Bárcenas, o tesoureiro alpinista, subiu na vida enquanto controlou as finanças do PP

Ministério Público quer saber como enriqueceu tanto, para além do que justifica o seu salário

Quando Luis Bárcenas começou a trabalhar no que então ainda se chamada Aliança Popular, levava os sapatos rotos. Hoje tem pelo menos duas contas na Suíça, e numa delas chegou a ter 22 milhões de euros - sem que se conheçam quais as fontes de rendimento que lhe permitiram acumular tais somas.

O ex-tesoureiro do Partido Popular (PP) espanhol, a quem é atribuída a autoria dos cadernos de contabilidade secreta que estão a deixar a cúpula dirigente do partido sob suspeita de corrupção, teve durante anos um salário três vezes maior do que o do primeiro-ministro, mas isso não chegaria para acumular tanto dinheiro. As casas que foi comprando, na estância de esqui de Baqueira, no exclusivo Bairro de Salamanca, em Madrid, e em Marbella, exigiriam grande parte do seu ordenado de 200 mil euros anuais, e a sua mulher, Rosario Iglesias, não trabalha. Ele diz que negoceia em arte, mas não avança provas convincentes para o juiz Pablo Ruz, que o está a investigar no âmbito do "caso Gürtel" - um inquérito lançado pelo juiz Baltasar Gárzon e que revelou uma grande teia de corrupção entre empresários e dirigentes políticos do PP.

Bárcenas, um homem que se foi mantendo discreto, tem uma paixão: o alpinismo.
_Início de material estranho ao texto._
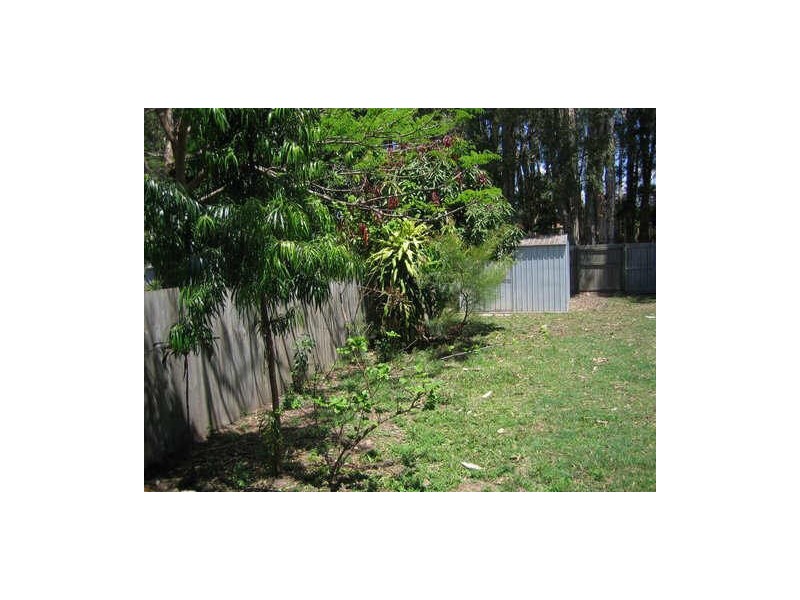67 Nalkari Street, Coombabah QLD 4216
Na sua juventude, escalou o Evereste, com Luis Fraga, sobrinho de Manuel Fraga, o fundador da Aliança Popular - que esteve na origem do PP. Conheceu-o na faculdade, tornou-se seu amigo de leituras, de aventuras - escalaram juntos, além da face norte do Evereste, o Olimpo (2917 metros) e o Elbrus (5642 metros), no Cáucaso. Para justificar as frequentes deslocações à Suíça - onde ainda ontem o juiz Ruz revelou ter sido descoberta mais uma conta em seu nome -, Bárcenas citou a sua paixão pelo alpinismo e pelo esqui. O musculado tesoureiro gosta de um desporto chamado heli-esqui, que implica ser lançado de um helicóptero com os esquis calçados para descer uma encosta, diz o El Mundo.

Bárcenas nega a autoria dos documentos de contabilidade manuscritos revelados pelo El País, tal como Mariano Rajoy e a cúpula dirigente do partido. Mas o que se diz é que estes papéis podem ser apenas a ponta do icebergue: Bárcenas terá nove caixas de sapatos cheias de papéis comprometedores para o PP. Quando se soube da sua conta na Suíça, diz o El Mundo, tê-los-á levado a um notário de sua confiança, para que sejam divulgados apenas se for preso. C.B.